> **Input for this task**
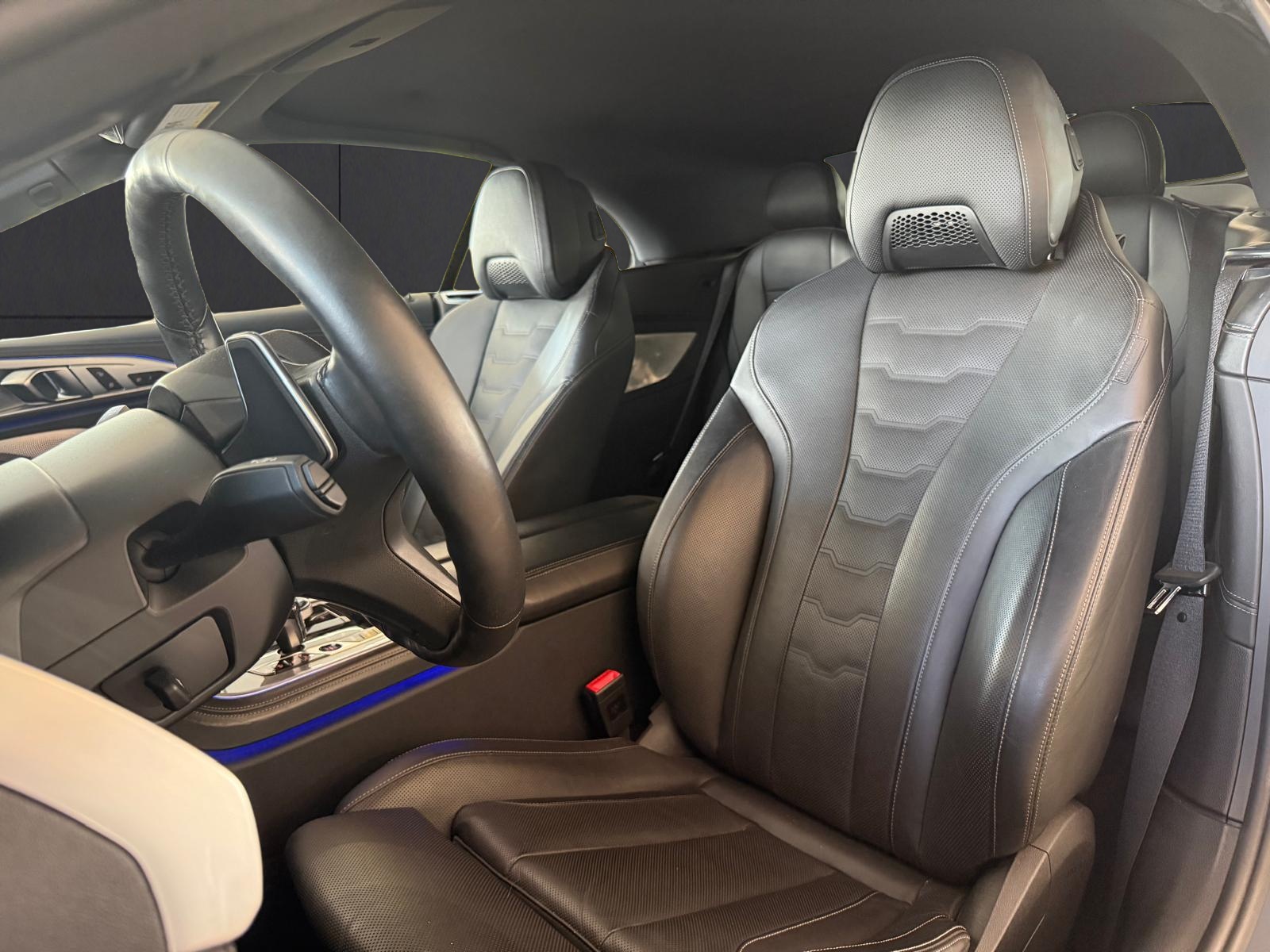 BMW M850i xDrive Steptronic-image-11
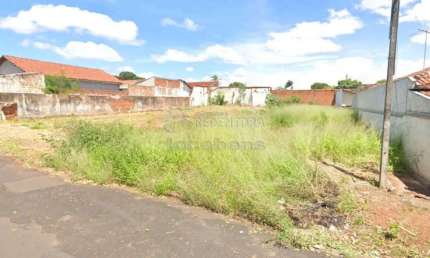 Terreno residencial ou comercial localizao no Jardim Itapema.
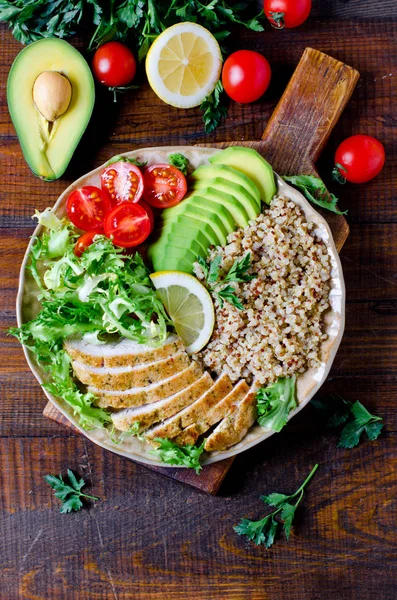 Zdravý salát mísy s quinoa, rajčata, kuřecí maso, avokádo, vápno — Stock fotografie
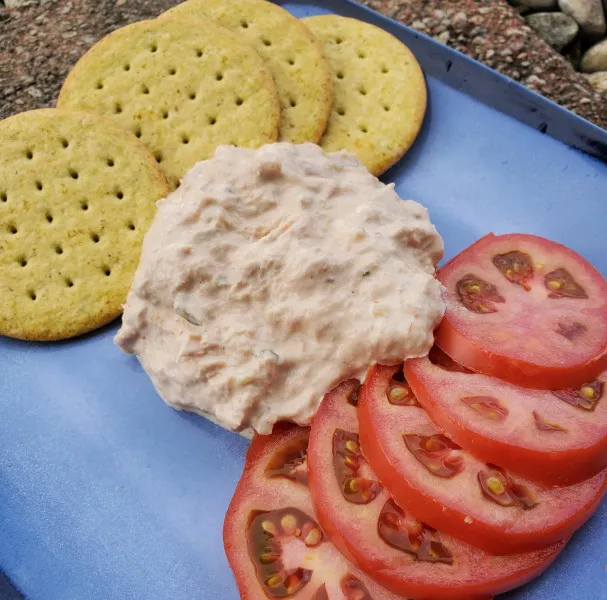 Zoete en pittige tonijnsalade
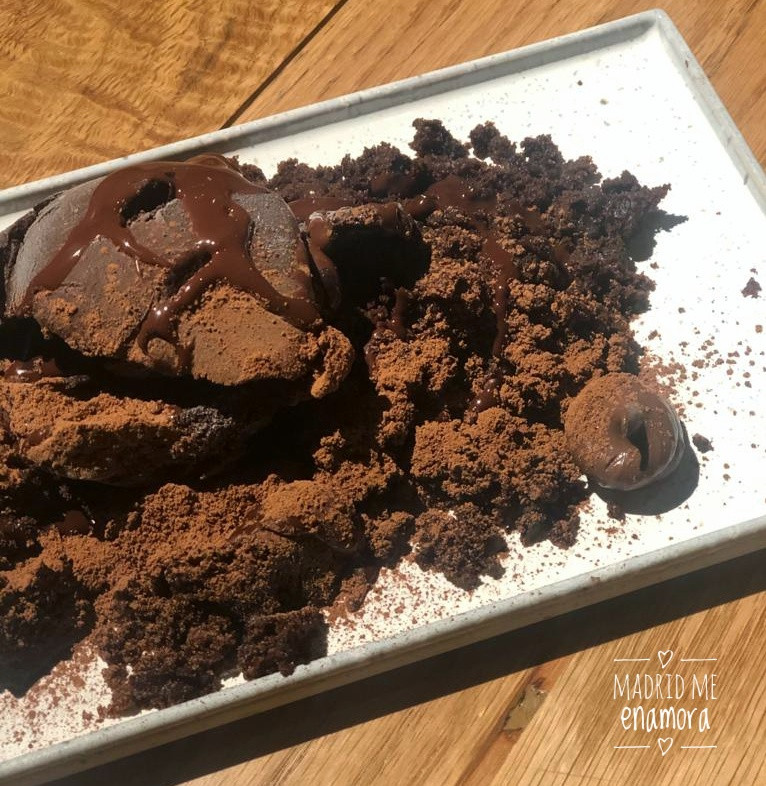"Muero por chocolate", un nombre muy bien elegido para este postre.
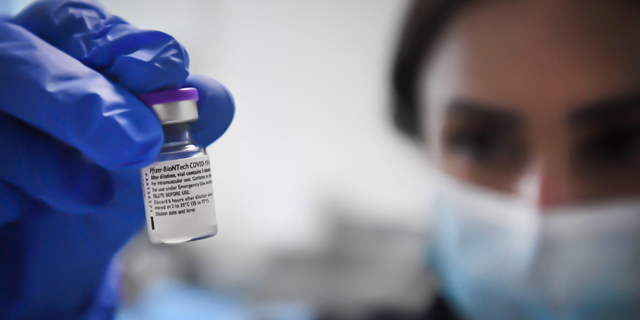ה-FDA צפוי להעניק ביום שני אישור מלא לחיסון הקורונה של פייזר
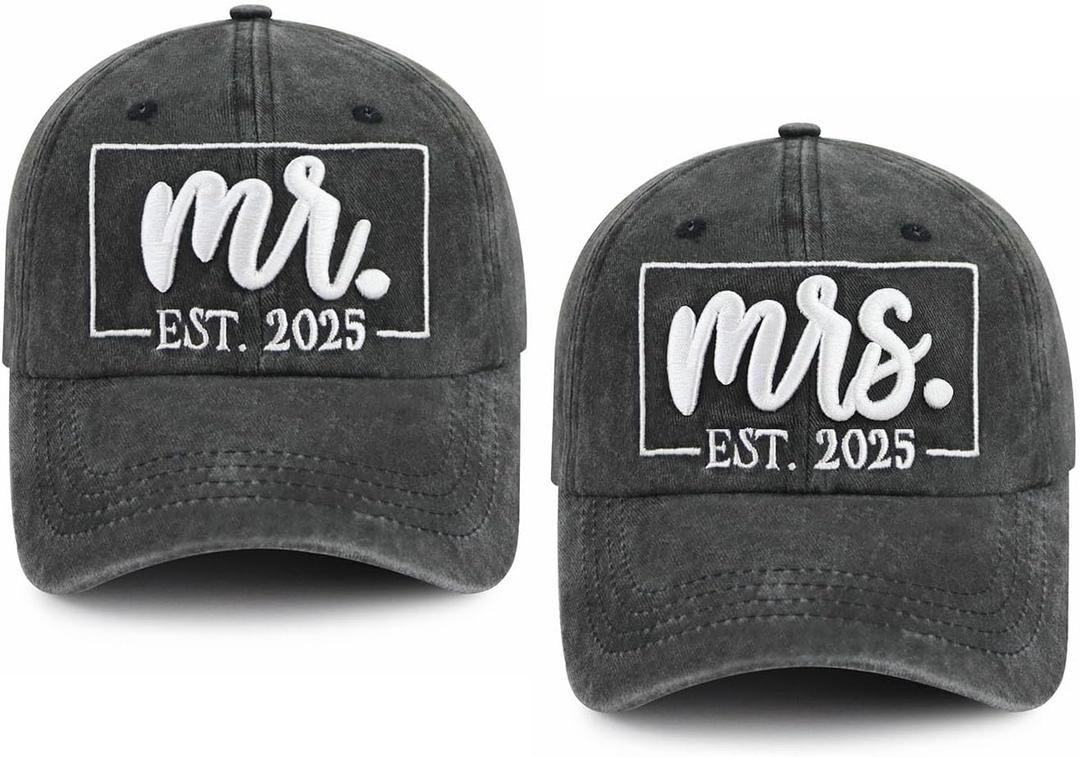 Mr and Mrs Gifts 2025, Embroidered Engagement Party Decorations Baseball Cap, Adjustable Couples Gifts Groom Bride Hat, Birthday Honeymoon Wedding Gifts Black (Black)
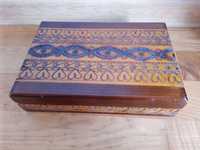 Drewniana szkatułka na biżuterię vintage z lusterkiem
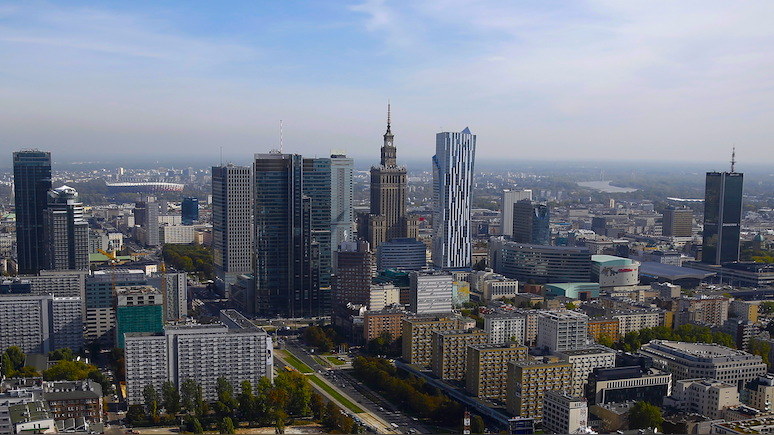 GW: Виновник «авианалета» на центр Варшавы отделался выдворением из страны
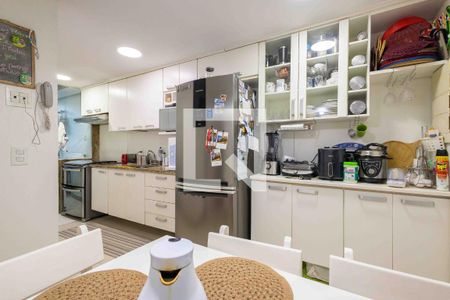 Apartamento à venda com 164m², 4 quartos e 3 vagasCozinha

> **Task goal**
Repeat only the lines from the line with "ה-FDA צפוי להעניק" to the end of the entries, including both the first and the last line, and drop every picture.

> **Response box**
ה-FDA צפוי להעניק ביום שני אישור מלא לחיסון הקורונה של פייזר
 Mr and Mrs Gifts 2025, Embroidered Engagement Party Decorations Baseball Cap, Adjustable Couples Gifts Groom Bride Hat, Birthday Honeymoon Wedding Gifts Black (Black)
 Drewniana szkatułka na biżuterię vintage z lusterkiem
 GW: Виновник «авианалета» на центр Варшавы отделался выдворением из страны
 Apartamento à venda com 164m², 4 quartos e 3 vagasCozinha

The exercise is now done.